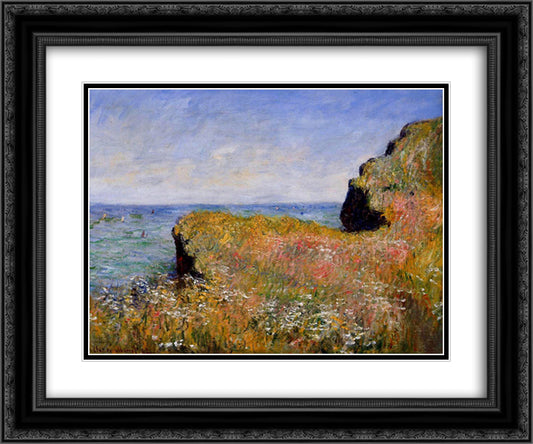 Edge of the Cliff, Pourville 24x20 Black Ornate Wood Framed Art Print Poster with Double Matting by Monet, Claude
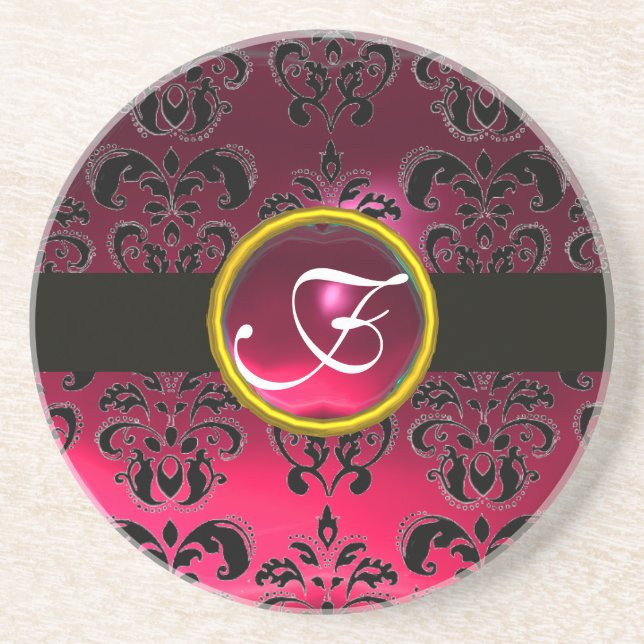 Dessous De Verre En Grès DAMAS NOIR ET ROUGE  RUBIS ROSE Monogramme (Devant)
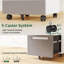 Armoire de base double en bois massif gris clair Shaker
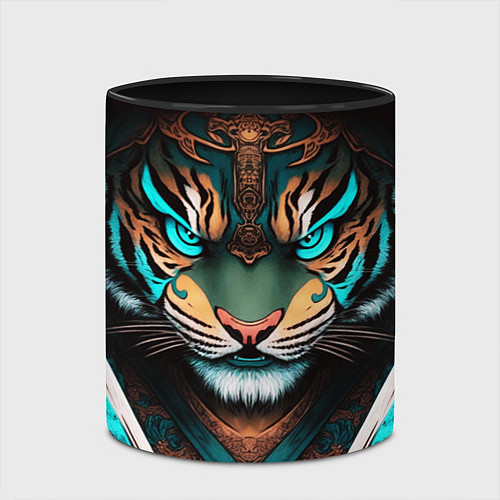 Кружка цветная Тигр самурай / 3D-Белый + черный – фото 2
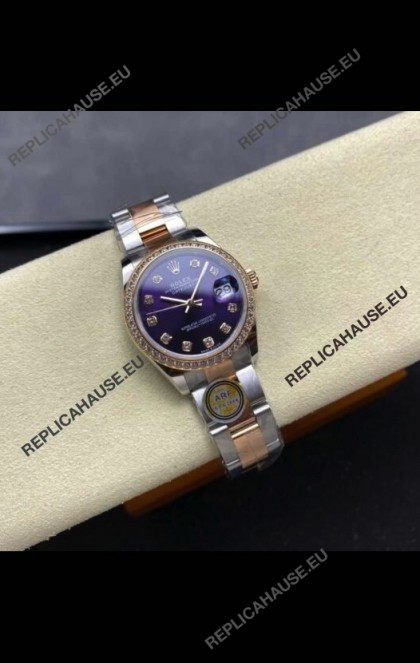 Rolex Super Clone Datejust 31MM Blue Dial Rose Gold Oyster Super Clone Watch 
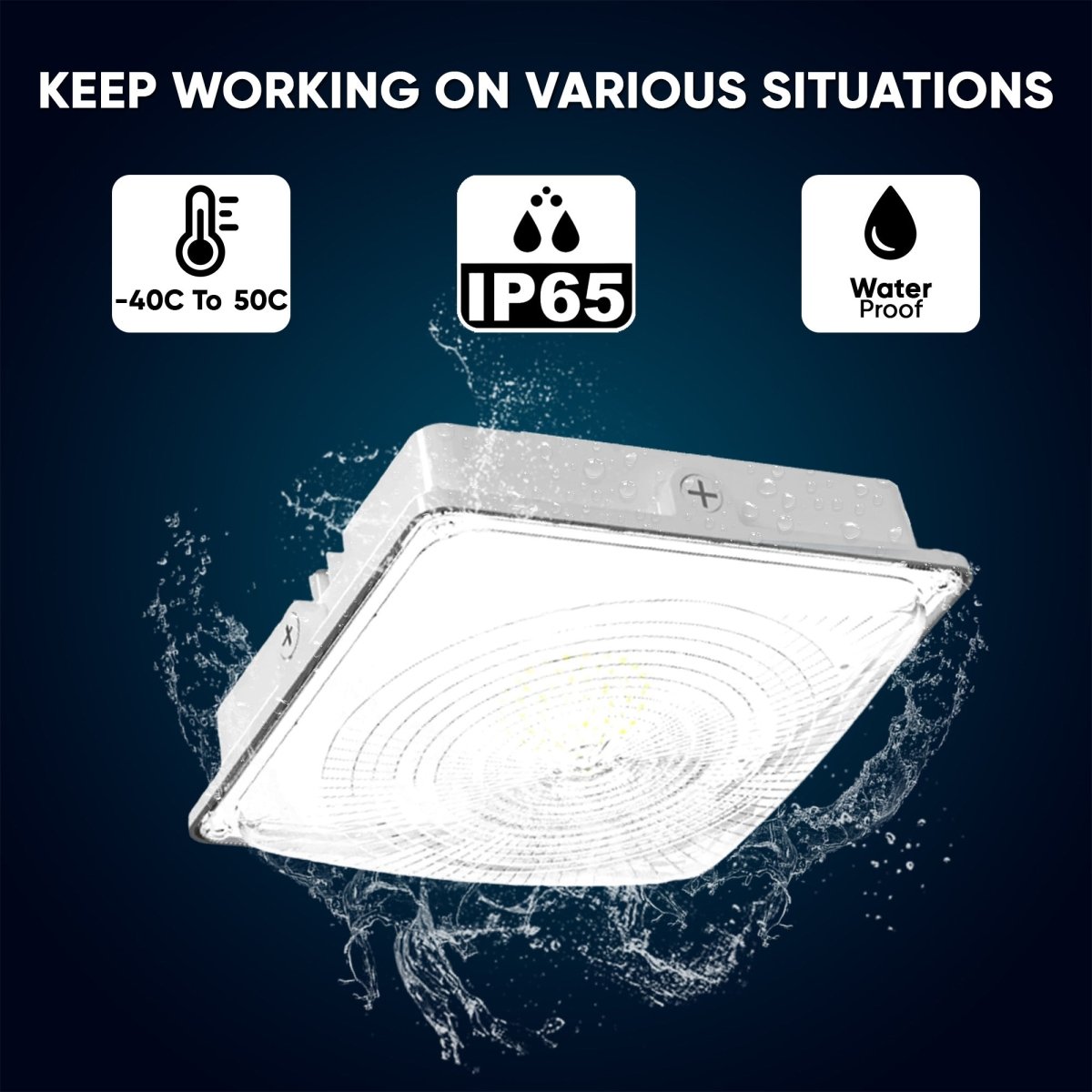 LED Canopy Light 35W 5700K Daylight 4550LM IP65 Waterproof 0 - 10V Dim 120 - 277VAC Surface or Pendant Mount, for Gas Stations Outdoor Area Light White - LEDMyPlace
- - -
The entries should be printed again exactly as written, leaving all pictures out.

Exercise response —
 Edge of the Cliff, Pourville 24x20 Black Ornate Wood Framed Art Print Poster with Double Matting by Monet, Claude
 Dessous De Verre En Grès DAMAS NOIR ET ROUGE  RUBIS ROSE Monogramme (Devant)
 Armoire de base double en bois massif gris clair Shaker
 Кружка цветная Тигр самурай / 3D-Белый + черный – фото 2
 Rolex Super Clone Datejust 31MM Blue Dial Rose Gold Oyster Super Clone Watch 
 LED Canopy Light 35W 5700K Daylight 4550LM IP65 Waterproof 0 - 10V Dim 120 - 277VAC Surface or Pendant Mount, for Gas Stations Outdoor Area Light White - LEDMyPlace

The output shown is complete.